Ich war in der vergangenen Legislaturperiode des Landtages bereits Sprecher für Soziales und Integration. Es sind von uns als ÖVP bereits viele Initiativen ausgegangen, die wir umgesetzt haben. Dazu gehört die Zusage von Thomas Stelzer bei seinem Antritt als Landeshauptmann, 417 Plätze für Menschen mit Beeinträchtigungen zu schaffen. Wir haben eine Demenz-Strategie entwickelt, dazu kommt unsere aktive Rolle bei der Bundespflegereform. Zudem war ich sieben Jahre lang Aufsichtsratsvorsitzender des Hilfswerks, einer der größten Sozialorganisationen, sie hat 1400 hauptamtliche und 600 ehrenamtliche Mitarbeiter. Oberösterreich hat 132 Pflegeheime mit rund 12.000 Mitarbeiterinnen und Mitarbeitern und rund 12.000 Bewohnerinnen und Bewohnern.Dazu kommen noch 40.000 Menschen, die mobile Betreuung und Hauskrankenpflege in Anspruch nehmen. Das ist ein Budget mit mehr als 50 Millionen Euro. Wir werden hier die Angebote erhöhen und ausbauen.

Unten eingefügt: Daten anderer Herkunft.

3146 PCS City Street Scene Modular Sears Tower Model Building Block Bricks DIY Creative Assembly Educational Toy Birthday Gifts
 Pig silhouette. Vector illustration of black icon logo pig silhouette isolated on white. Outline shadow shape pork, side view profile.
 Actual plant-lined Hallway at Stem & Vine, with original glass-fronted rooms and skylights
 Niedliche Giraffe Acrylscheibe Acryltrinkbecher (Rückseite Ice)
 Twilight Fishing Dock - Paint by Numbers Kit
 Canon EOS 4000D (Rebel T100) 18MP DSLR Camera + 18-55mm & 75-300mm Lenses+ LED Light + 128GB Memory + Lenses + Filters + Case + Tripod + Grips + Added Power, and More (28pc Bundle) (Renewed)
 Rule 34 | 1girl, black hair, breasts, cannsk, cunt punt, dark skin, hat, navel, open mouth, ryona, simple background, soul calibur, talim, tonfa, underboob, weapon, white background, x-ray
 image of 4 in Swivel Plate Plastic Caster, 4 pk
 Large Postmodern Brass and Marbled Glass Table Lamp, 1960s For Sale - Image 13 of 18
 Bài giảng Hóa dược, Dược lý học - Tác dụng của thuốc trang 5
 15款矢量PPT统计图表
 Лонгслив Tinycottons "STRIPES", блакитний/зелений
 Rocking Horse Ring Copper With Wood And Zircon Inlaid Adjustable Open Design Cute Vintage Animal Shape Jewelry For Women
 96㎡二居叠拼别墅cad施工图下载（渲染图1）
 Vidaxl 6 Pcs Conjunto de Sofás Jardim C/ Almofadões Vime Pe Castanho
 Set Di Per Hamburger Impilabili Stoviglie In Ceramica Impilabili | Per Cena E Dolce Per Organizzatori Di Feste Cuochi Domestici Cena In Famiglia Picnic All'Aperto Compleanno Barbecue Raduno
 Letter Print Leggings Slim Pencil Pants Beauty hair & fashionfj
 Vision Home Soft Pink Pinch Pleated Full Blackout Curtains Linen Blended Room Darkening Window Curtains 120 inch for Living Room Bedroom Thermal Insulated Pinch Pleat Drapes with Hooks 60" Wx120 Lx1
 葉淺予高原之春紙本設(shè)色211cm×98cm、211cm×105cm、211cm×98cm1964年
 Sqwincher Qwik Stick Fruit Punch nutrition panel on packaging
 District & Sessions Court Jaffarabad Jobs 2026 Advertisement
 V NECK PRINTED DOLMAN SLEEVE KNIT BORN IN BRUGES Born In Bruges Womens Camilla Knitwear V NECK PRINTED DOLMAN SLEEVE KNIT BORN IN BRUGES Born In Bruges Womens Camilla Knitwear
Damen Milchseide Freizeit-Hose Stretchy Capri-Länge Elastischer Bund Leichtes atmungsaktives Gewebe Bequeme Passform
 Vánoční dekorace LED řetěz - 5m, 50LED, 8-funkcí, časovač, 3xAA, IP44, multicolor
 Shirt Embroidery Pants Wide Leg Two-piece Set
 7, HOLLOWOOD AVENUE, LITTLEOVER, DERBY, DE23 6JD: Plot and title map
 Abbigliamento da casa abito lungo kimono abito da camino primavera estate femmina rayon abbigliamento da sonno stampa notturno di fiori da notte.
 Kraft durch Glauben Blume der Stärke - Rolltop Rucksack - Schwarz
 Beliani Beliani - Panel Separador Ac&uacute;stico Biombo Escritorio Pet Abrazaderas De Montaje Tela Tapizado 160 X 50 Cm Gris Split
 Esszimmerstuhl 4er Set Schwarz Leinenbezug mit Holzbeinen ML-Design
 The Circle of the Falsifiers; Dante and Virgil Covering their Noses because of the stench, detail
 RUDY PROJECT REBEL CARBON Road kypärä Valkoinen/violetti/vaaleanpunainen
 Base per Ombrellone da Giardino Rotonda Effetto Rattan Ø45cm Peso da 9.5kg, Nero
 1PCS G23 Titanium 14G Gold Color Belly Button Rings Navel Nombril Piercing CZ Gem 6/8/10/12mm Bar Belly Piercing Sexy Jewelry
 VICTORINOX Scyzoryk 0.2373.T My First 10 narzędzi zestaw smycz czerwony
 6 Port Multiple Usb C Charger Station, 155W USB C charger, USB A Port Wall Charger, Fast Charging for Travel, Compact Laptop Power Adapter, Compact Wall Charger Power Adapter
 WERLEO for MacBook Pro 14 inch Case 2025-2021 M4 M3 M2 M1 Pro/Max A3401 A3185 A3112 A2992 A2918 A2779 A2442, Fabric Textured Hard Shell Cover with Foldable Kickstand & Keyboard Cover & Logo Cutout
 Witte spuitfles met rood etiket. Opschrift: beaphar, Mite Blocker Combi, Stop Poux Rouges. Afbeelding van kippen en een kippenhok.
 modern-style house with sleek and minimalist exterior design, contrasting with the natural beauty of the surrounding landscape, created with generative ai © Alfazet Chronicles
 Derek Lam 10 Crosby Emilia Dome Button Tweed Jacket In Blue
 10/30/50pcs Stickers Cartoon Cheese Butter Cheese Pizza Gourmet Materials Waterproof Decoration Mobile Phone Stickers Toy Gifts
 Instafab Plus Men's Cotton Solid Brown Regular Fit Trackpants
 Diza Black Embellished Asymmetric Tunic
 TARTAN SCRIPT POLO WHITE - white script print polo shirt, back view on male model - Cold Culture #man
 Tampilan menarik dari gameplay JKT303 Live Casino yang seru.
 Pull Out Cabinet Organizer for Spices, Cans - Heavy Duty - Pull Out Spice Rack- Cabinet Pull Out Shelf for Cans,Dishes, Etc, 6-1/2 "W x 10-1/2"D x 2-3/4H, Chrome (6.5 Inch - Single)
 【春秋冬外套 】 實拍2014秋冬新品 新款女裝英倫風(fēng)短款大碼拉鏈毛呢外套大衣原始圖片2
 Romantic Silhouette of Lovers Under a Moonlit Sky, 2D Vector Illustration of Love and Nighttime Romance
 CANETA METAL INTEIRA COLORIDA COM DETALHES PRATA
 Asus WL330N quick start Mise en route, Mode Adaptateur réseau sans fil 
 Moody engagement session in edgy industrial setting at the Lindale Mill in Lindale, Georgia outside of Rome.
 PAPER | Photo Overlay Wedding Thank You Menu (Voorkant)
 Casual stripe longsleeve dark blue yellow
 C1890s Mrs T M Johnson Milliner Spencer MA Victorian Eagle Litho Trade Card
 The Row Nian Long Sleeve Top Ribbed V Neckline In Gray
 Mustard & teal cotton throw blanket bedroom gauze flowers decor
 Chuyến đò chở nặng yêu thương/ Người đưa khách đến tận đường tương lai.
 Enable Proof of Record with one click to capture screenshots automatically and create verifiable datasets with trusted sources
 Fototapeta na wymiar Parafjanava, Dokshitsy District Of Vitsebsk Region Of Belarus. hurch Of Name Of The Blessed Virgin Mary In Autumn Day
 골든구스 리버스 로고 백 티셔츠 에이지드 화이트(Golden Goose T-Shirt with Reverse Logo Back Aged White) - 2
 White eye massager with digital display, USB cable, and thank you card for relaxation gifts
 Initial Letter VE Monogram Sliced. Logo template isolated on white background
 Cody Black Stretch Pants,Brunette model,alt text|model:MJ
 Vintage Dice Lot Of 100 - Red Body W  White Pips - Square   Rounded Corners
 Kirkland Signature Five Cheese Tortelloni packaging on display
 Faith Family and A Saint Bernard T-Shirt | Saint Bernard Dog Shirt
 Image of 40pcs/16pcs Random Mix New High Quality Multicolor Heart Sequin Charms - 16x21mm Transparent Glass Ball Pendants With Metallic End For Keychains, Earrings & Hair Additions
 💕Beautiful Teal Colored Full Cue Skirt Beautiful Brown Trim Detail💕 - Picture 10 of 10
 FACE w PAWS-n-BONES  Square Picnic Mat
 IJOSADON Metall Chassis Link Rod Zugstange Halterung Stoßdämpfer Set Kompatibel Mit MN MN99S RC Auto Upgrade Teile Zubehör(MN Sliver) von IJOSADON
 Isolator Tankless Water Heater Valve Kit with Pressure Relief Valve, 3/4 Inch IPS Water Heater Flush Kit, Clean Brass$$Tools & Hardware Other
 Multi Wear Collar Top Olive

Das ist ein Muss, denn der Bedarf steigt aufgrund des demografischen Wandels, weil nun die Babyboomer in Pension gehen.
Ich hoffe, dass sich der Bund zu einer Reform des Pflegegeldes durchringt. Es sollte künftig möglich sein, dass man sich Sachleistung zukauft. Unser Ziel ist es, dass die Menschen so lange wie möglich in den eigenen vier Wänden bleiben. Dabei müssen wir sie unterstützen. Wir müssen die mobile Betreuung ausbauen.
Mobile Betreuung ist viel günstiger als ein Platz im Pflegeheim.
Sie ist viel günstiger und entspricht dem Wunsch der Menschen. Darauf muss das Pflegegeld abzielen. Man sollte aus meiner Sicht einen Bonus schaffen für Menschen, die zu Hause bleiben, damit sie sich zusätzlich Hauskrankenpflege, mobile Betreuung etc. kaufen können. Der zweite Bereich, der sich ändern muss, ist die Bewertung der Demenz. Sie ist das Krankheitsbild, das mit dem Älterwerden der Menschen mit voller Wucht zunimmt. Auch hier braucht es ganzheitliche Lösungen. Wir brauchen in den Regionen Kompetenzzentren für Demenz.
Viele 24-Stunden-Pflegebedürftige werden von Osteuropäerinnen betreut, die auf selbstständiger Basis arbeiten. Es gibt Bestrebungen, die Pflegerinnen anzustellen. Werden Sie das machen?
Die 24-Stunden-Pflege ist eine Säule in unserer Betreuungsstruktur. Das Wichtige ist jetzt, dass man die Möglichkeit legalisiert, die sich mehrere Menschen die 24-Stunden-Kräfte teilen können. Es sollen sich zum Beispiel zwei Familien eine 24-Stunden-Kraft teilen können. Damit können wir den jetzigen Graubereich legalisieren.